Важнейшим социальным
выводом из анализа Сартром индивидуального действия является утверждение конфликтности, антагонистичности человеческих отношений. Это связано, считает Сартр, по меньшей мере с двумя факторами: «объективацией» человека человеком и с недостатком средств существования, их «редкостью (rarété)». Объективация состоит в том, что человеку «невозможно существовать среди людей, не делая их объектами для себя и для них, не превращаясь в объект для них, без того, чтобы посредством них его субъективность завоевывала их объективную реальность как интериоризацию его человеческой объективности» (483, стр. 186). Объективность же означает, по Сартру, отчуждение, превращение другого в инструмент для достижения своих целей, а следовательно, борьбу, конфликт. Недостаток средств существования – это «фундаментальное человеческое отношение (к природе и людям)» (483, стр. 201) – тоже рождает невозможность сосуществования людей, социальную борьбу, конфликт. «Недостаток» как основное отношение человека к «материи» рождает «человека недостатка (l’homme de la rareté)». «Его отношение к другому, поскольку оно затронуто материей, есть внешнее отношение… В чистом взаимоотношении Другой – такой же, как и я. Во взаимоотношении, модифицированном недостатком (rareté), таковой проявляется как противо-человек (le contre-homme), поскольку такой же человек выступает как радикально Другой (то есть как носитель смертельной угрозы для нас)» (483, стр. 207, 208).Таким образом, первый из аспектов конфликта человеческих отношений непосредственно связан с традиционной экзистенциалистской трактовкой объекта и объективации, выступая в качестве описательной характеристики общественных отношений эксплуататорского общества, не затрагивающей ни его сущности, ни путей его преобразования. Второй можно понять как натуралистическое – на манер Гоббсова «естественного состояния» как сферы «борьбы всех против всех» – объяснение социальных конфликтов. Ни то ни другое не раскрывает специфики формирования антагонистических общественных отношений, приравнивая их к общественным отношениям вообще. Более того, антагонизм оказывается неустранимым свойством общественных отношений.

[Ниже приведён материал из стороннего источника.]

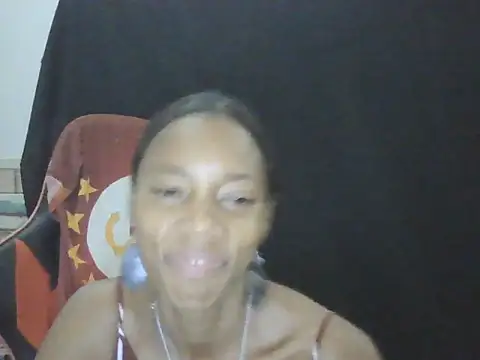 Snapshot of adele-33 chatting on November 13, 7:18 pm adele-33 online show from November 13, 7:18 pm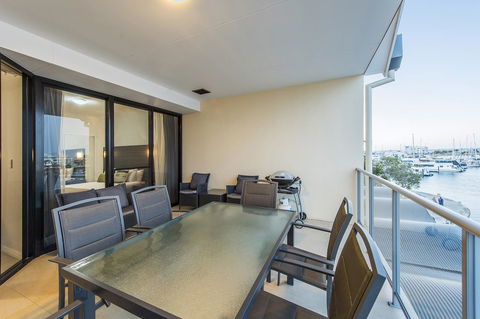 Dolphin Quay Apartments - Maitland Accommodation 25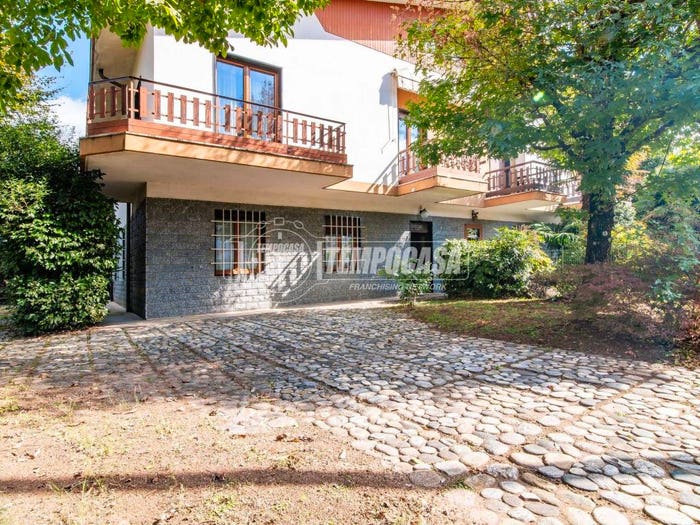 Casa con 5 locali in vendita in Via Medaglie D'Oro, Olgiate Olona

Последнее связано с близкой к гегелевской трактовкой отчуждения как универсального явления, связанного с объективацией. В ходе практики как объективации человек «открывает себя в мире объективности в качестве Другого
; тотализированная материя как объективация, инертная и в силу инертности сохраняющаяся, есть на деле не-человек или даже, если хотите, противо-человек» (483, стр. 285). А отсюда вытекает и еще одна важнейшая для понимания «диалектики практики» постановка вопроса: в практике человек неизбежно отчуждает свою свободу, превращая ее во внешнюю необходимость, в судьбу. «Человек, который отсылает свою свободную практику к своей вымышленной сущности и узнает себя как в той, так и в другой, – это тот именно, кто в непосредственном диалектическом движении постигает необходимость как судьбу во внешности свободы. Скажем ли мы, что речь идет тут об отчуждении? Несомненно, потому что он возвращается к себе в качестве Другого» (483, стр. 285).В этом – объективации, отчуждении, порождении антагонизма – и состоит сущность перехода от индивидуальной практики к «практико-инертному», к «коллективу» или «серии», т.е. «фундаментальному образованию социальности». Здесь Сартр, пользуясь экзистенциалистскими понятиями «бессилия», «скандала», «большого страха», дополненными политико-экономическими понятиями «образования цены на свободном рынке», «инфляции», социологическим понятием «общественного мнения» и т.д., создает картину эксплуататорского общества как общества, в котором господствует рабство. В этом состоянии «все люди – рабы, поскольку их жизненный опыт развертывается в практико-инертной сфере, и в той мере, в какой это поле изначально определено недостатком» (483, стр. 369). Это в то же время сфера необходимости, т.е., по Сартру, антидиалектики.